Susan C. Faircloth
Susan C. Faircloth
Dr. Faircloth, an enrolled member of the Coharie Tribe, joined the faculty of The Pennsylvania State University in the Fall of 2003. She is currently an Associate Professor of Educational Leadership. She earned both her master’s and doctoral degrees from Penn State where she was a fellow in the American Indian Special Education Teacher Training Program and the American Indian Leadership Program. After earning her doctoral degree, she served as the Director of Policy Analysis and Research with the American Indian Higher Education Consortium.
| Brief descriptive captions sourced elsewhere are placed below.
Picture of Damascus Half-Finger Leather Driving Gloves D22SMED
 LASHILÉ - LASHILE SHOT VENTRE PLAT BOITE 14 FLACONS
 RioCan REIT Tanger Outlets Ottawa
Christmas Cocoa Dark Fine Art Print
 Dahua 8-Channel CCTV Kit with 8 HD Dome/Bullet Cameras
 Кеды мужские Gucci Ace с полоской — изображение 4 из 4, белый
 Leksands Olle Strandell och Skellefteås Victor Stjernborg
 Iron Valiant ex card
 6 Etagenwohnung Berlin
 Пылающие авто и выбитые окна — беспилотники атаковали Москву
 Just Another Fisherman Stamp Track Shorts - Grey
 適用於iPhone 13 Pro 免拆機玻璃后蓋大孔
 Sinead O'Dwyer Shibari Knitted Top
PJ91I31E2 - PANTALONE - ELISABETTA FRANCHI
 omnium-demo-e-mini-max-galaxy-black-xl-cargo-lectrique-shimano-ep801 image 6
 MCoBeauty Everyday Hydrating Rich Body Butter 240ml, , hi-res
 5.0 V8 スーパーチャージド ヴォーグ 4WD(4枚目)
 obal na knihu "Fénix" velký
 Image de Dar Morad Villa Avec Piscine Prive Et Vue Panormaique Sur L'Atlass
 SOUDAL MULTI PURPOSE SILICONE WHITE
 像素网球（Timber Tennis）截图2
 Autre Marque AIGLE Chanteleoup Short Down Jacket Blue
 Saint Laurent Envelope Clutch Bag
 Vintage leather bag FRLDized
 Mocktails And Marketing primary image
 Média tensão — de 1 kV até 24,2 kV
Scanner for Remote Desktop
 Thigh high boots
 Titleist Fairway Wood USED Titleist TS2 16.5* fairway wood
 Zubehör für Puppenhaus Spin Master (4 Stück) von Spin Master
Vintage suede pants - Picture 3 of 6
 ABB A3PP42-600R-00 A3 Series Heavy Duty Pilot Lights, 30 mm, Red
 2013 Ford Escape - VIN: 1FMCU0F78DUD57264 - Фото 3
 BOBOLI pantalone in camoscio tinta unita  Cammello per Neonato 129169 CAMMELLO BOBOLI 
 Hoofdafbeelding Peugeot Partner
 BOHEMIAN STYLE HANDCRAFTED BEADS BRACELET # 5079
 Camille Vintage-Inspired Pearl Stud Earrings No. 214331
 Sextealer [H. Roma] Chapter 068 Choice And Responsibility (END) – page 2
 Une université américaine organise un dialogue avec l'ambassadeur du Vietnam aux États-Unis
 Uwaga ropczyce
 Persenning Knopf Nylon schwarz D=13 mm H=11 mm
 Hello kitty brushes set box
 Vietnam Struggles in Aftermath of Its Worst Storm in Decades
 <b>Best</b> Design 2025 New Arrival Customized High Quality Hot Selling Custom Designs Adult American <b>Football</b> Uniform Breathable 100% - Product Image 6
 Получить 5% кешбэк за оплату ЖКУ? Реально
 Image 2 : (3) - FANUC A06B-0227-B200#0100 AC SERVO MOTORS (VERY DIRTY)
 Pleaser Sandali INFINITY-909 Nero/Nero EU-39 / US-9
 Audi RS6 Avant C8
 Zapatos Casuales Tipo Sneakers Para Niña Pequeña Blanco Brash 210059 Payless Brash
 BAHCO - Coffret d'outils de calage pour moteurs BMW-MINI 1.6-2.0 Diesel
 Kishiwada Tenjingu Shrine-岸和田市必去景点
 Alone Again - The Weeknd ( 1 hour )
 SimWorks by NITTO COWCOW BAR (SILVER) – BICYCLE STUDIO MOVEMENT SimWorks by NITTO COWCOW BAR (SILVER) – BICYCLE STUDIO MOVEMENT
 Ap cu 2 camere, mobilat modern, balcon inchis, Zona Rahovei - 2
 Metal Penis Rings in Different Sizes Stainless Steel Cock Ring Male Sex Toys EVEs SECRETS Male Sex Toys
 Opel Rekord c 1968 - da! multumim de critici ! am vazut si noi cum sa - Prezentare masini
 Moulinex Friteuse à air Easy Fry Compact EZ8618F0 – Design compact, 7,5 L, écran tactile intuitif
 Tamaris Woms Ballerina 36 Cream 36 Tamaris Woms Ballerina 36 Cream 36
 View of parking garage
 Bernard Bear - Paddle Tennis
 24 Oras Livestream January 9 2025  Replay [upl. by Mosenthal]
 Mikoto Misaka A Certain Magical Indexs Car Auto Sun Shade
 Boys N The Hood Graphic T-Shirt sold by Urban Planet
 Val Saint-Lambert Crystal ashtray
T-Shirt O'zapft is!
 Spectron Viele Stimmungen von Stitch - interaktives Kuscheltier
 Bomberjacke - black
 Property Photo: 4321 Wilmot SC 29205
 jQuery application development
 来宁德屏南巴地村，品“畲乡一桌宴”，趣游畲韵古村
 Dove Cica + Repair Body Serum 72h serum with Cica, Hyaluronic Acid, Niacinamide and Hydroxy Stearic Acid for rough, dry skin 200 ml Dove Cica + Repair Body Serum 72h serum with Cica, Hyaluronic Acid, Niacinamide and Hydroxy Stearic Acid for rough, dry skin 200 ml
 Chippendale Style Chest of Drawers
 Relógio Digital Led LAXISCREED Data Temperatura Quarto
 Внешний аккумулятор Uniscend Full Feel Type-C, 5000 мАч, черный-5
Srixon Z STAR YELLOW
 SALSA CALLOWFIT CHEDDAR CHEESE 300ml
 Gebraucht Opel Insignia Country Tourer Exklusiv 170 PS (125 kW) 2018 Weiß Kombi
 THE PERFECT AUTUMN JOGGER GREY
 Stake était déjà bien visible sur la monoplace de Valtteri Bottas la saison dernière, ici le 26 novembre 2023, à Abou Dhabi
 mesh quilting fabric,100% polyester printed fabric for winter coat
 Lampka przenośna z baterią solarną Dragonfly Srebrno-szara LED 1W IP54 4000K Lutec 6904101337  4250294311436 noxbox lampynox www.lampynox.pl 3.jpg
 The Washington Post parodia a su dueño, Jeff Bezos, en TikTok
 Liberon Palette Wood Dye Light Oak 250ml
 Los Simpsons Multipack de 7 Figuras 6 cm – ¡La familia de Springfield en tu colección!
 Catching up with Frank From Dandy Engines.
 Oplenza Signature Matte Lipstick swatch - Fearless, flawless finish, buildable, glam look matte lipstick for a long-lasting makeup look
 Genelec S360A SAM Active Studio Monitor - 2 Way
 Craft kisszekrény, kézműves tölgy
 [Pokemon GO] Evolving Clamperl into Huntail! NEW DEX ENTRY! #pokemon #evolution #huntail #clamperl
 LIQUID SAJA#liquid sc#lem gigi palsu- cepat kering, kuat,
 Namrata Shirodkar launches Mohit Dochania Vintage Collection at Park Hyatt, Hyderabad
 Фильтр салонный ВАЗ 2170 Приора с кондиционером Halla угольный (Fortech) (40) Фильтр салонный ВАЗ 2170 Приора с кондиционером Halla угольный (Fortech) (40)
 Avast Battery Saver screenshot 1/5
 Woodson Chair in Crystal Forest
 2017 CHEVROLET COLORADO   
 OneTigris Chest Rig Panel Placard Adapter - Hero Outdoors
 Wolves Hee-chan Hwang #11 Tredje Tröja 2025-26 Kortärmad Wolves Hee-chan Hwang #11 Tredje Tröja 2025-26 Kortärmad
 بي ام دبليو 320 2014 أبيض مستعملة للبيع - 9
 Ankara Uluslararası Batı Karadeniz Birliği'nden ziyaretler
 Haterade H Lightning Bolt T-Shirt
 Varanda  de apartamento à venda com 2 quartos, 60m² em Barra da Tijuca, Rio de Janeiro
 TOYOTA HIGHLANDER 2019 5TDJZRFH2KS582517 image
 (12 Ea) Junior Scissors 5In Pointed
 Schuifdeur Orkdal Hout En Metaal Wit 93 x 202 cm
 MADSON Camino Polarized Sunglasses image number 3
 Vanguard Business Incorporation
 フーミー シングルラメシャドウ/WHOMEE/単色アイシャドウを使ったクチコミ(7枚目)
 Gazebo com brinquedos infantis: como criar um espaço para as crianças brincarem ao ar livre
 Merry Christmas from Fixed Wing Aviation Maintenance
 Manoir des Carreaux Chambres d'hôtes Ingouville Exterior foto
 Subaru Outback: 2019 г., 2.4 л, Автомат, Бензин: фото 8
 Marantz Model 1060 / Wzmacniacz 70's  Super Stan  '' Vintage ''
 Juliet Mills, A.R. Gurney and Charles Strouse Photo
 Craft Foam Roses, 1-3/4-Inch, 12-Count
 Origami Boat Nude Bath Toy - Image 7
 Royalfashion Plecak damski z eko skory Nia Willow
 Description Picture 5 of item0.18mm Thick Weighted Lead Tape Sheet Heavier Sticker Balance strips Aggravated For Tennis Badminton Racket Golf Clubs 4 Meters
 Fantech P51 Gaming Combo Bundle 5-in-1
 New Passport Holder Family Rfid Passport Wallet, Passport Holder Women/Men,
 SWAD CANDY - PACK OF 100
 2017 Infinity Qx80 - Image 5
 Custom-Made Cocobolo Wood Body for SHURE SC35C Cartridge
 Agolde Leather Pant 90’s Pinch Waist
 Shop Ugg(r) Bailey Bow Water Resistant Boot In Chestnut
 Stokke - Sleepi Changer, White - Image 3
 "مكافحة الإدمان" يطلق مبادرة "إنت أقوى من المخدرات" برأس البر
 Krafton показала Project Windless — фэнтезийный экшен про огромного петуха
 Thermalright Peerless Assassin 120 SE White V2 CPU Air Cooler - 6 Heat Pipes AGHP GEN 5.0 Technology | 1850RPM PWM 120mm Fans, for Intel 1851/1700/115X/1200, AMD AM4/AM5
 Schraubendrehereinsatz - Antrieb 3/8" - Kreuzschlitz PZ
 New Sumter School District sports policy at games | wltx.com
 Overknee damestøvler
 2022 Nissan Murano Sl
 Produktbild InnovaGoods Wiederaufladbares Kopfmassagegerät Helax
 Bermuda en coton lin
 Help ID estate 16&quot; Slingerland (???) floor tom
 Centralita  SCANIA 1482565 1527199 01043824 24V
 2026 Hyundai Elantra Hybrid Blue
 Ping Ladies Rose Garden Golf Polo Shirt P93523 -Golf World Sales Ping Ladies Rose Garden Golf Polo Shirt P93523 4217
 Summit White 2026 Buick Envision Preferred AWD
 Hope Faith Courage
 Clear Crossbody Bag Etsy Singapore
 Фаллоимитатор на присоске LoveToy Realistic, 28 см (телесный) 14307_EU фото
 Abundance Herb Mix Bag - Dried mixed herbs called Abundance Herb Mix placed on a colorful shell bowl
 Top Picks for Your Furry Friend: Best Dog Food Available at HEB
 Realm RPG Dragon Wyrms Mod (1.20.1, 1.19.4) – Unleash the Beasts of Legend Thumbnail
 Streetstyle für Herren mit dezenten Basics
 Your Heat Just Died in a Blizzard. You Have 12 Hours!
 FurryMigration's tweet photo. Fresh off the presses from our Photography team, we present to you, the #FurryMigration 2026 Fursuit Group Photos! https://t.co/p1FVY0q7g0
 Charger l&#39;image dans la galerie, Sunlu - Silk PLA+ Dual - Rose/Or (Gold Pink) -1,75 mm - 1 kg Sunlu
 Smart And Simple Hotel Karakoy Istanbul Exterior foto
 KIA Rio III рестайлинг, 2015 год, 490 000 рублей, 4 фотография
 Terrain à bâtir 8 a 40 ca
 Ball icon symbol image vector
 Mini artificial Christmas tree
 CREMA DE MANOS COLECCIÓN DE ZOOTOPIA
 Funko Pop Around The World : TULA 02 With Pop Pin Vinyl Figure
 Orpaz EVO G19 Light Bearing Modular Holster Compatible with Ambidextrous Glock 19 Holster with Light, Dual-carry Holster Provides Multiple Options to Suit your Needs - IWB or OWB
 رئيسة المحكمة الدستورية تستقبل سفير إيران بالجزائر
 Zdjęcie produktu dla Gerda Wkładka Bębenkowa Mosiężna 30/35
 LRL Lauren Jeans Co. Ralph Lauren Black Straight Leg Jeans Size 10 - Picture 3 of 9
Dr Faircloth’s research focuses on the education of American Indian and Alaska Native (AI/AN) students with disabilities. She is specifically interested in the factors that account for the referral and placement of AI/AN students in special education programs and services in the early grades, the role of Head Start programs and services in the education of young AI/ANs, the preparation of school leaders, and the moral and ethical dimensions of school leadership. Her work has been published in Harvard Educational Review, The Journal of Special Education Leadership, International Studies in Educational Administration, Values and Ethics in Educational Administration, the Tribal College Journal of American Indian Higher Education, the Rural Special Education Quarterly, and the Journal of Disability Policy Studies.
In addition to teaching and research, Dr. Faircloth serves as the director of a personnel preparation grant ("Principals for Student Success") for aspiring school administrators, funded by the U.S. Department of Education, Office of Indian Education. She is also a former Ford Foundation Postdoctoral scholar and recently completed a research fellowship with the American Indian/Alaska Native Head Start Research Center at the University of Colorado Denver.
During Spring 2012, she will complete a Fulbright Senior Scholar Award in conjunction with Victoria University of Wellington in Wellington, New Zealand.